Your goal: Give back, exactly as written, the lines from the first line of the data below through the line with "Text sign showing", and omit the pictures.

Start of Exercise data

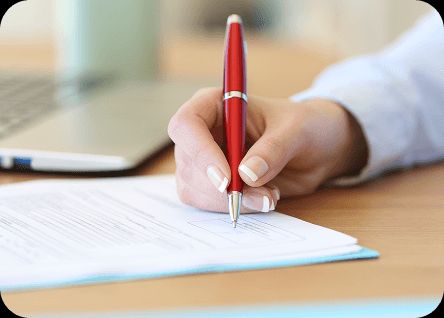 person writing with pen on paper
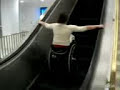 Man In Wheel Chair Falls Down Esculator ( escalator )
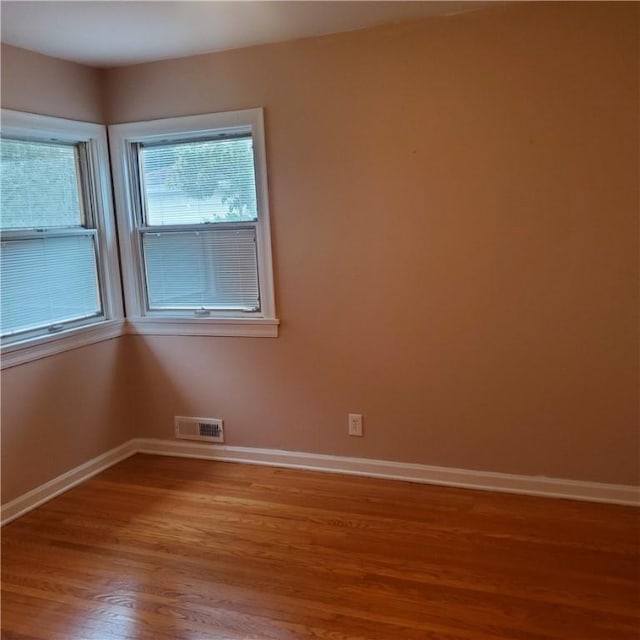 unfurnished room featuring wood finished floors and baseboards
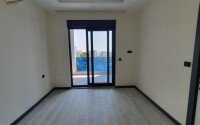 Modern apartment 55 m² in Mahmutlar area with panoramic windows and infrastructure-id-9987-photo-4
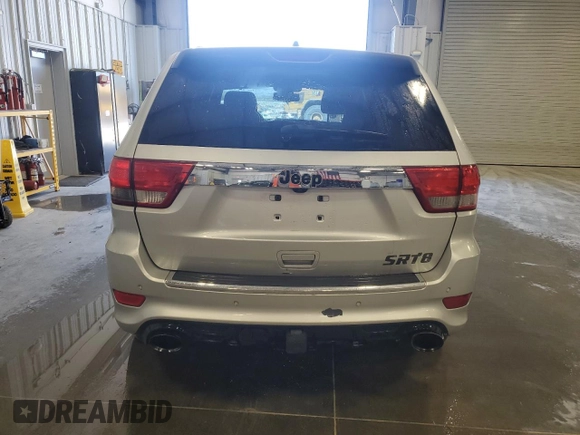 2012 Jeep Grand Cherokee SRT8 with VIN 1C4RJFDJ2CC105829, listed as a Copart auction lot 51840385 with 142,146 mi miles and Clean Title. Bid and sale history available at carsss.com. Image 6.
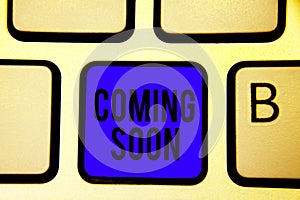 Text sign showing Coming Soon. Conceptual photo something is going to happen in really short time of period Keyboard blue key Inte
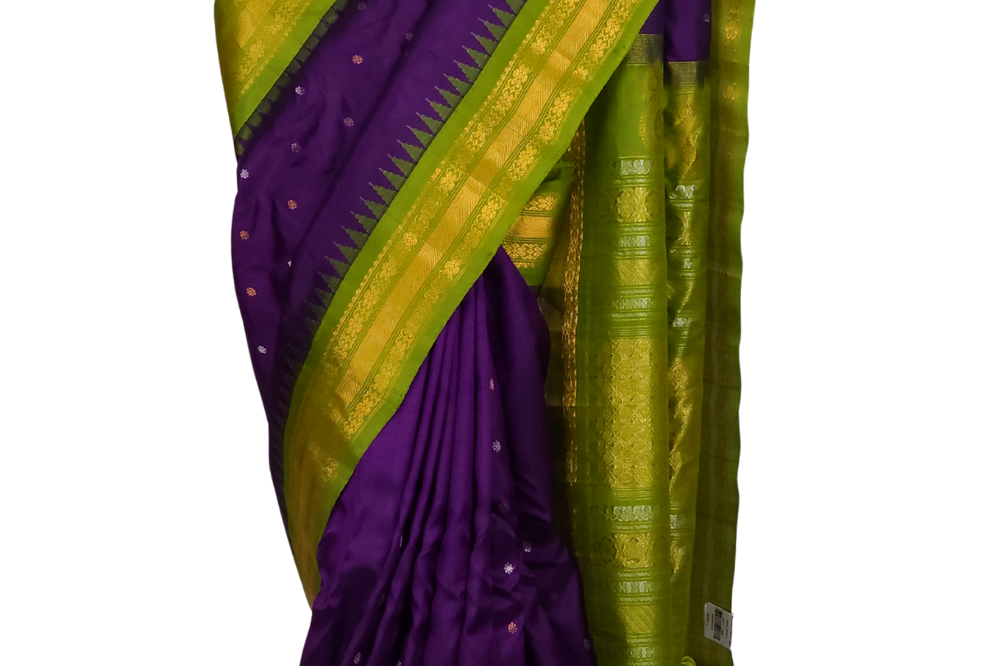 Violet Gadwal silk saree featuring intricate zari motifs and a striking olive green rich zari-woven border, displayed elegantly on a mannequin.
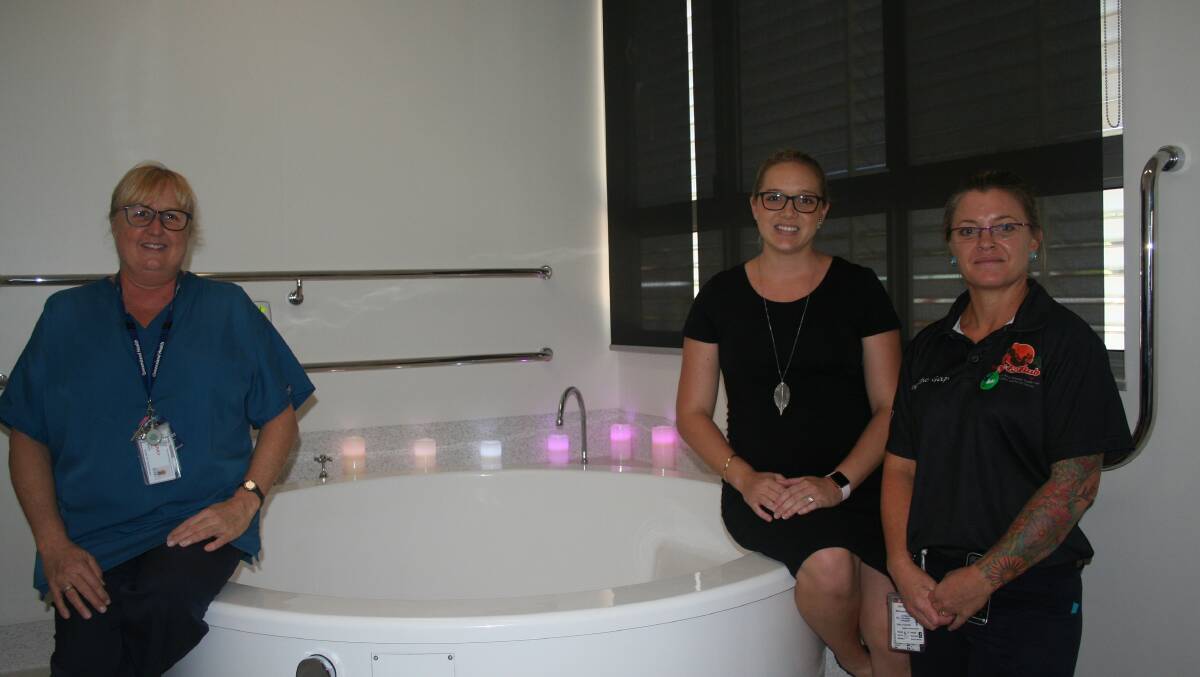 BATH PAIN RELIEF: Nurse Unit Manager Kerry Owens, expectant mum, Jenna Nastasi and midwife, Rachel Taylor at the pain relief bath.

End of Exercise data

Result of the exercise:
 person writing with pen on paper
 Man In Wheel Chair Falls Down Esculator ( escalator )
 unfurnished room featuring wood finished floors and baseboards
 Modern apartment 55 m² in Mahmutlar area with panoramic windows and infrastructure-id-9987-photo-4
 2012 Jeep Grand Cherokee SRT8 with VIN 1C4RJFDJ2CC105829, listed as a Copart auction lot 51840385 with 142,146 mi miles and Clean Title. Bid and sale history available at carsss.com. Image 6.
 Text sign showing Coming Soon. Conceptual photo something is going to happen in really short time of period Keyboard blue key Inte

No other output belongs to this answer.